And even more so, be fully aware that both penis and vagina, and everything in-between or outside of that, develops from the same basic organs. Look up “gonads” for more information on that. But fun facts:
# Testicles developed from gonads, just as ovaries did, one moved down, one moved up.
# The scrotum is just fused labia (and you can see a faint line where they merged, too) and a penis is just a really huge clitoris (yepp, even the corpus cavernosum is the same, just differing in size).
# Many people with a penis and no vaginal opening do experience a “phantom vagina”, that is they can feel where it would be and even how it would extend up into their bodies, even though it’s not physically there.

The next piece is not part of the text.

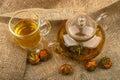 Flower tea brewed in a glass teapot, a glass of tea and balls of flower tea on a background of rough homespun fabric. Close up Royalty Free Stock Photo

8. Referring to “scientific language”.

There is this notion that whatever terms and concepts are used in a “scientific” context, by “scientists”, medical personnel, etc were neutral or objective in contrast to everyday language. This is decidedly not true. A huge factor there is scientism, the belief that science overall spells the truth and is not affected by social constructs and normative projections.

And the effect is especially noticeable in cis people, as they’re used to scientific or medical terms for their bodies, genitals and gender being distinct from their everyday language (which is all too often riddled with taboos in the first place) and as such perceived as neutral, technical, objective, not socially constructed, but purely based on “biological facts”.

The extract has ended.